▶ _Your instructions_:
Having located "Slim Buckle Thong" in the listing below, write out its line and every following line exactly, last line included, without the pictures.

═════ Stored data

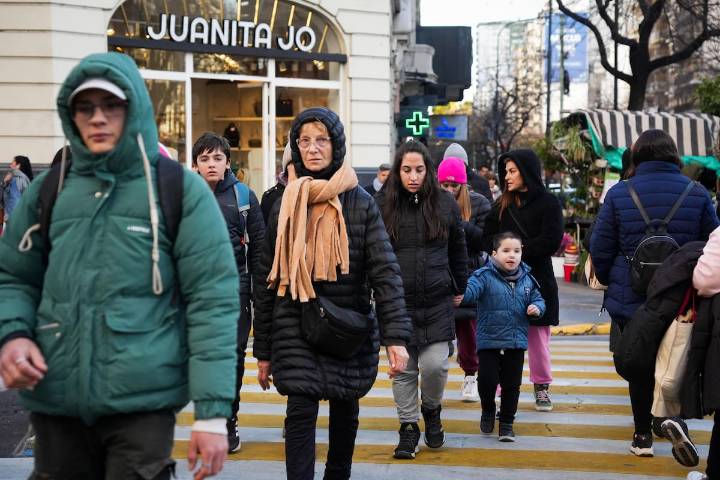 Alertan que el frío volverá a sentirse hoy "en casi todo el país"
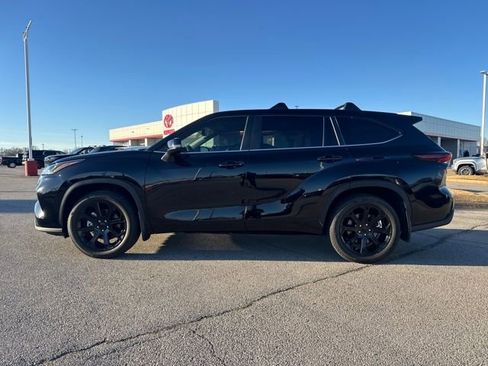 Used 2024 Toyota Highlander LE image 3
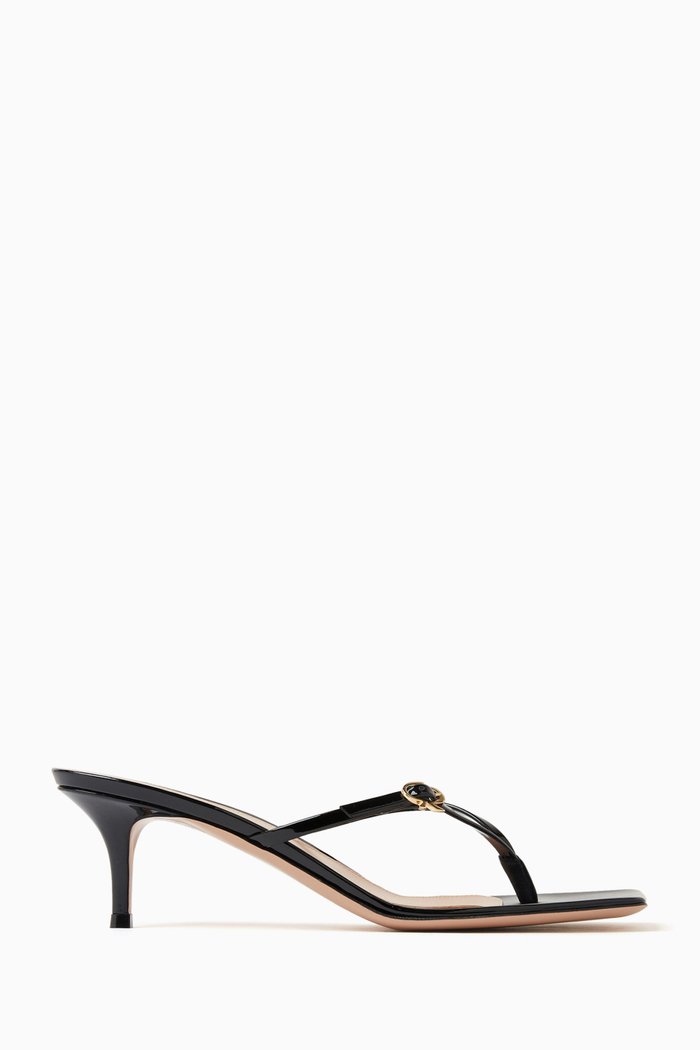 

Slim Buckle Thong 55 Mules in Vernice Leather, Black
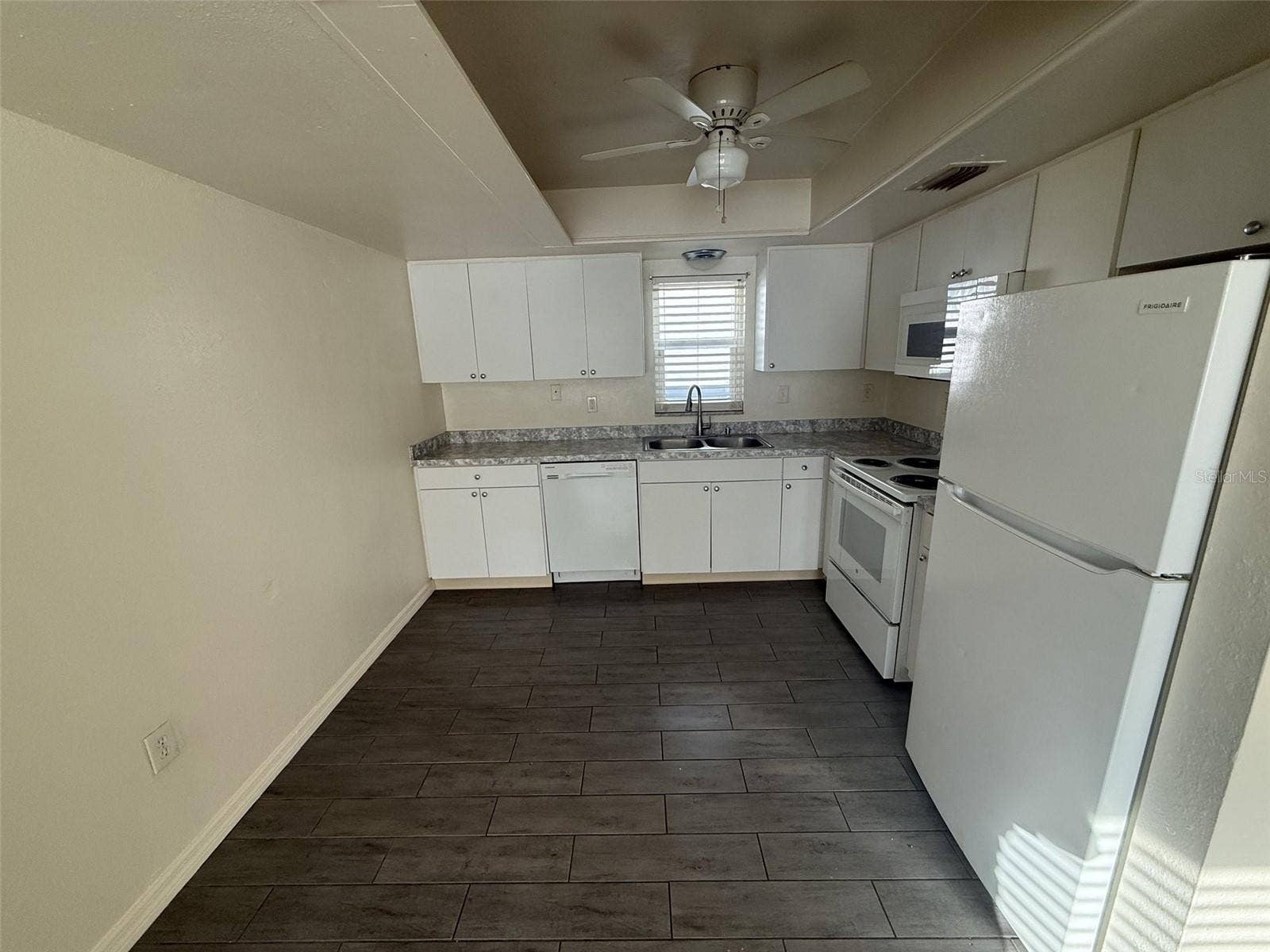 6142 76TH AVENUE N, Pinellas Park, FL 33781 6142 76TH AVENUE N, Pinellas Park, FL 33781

══════════

▶ _Result_:
Slim Buckle Thong 55 Mules in Vernice Leather, Black
 6142 76TH AVENUE N, Pinellas Park, FL 33781 6142 76TH AVENUE N, Pinellas Park, FL 33781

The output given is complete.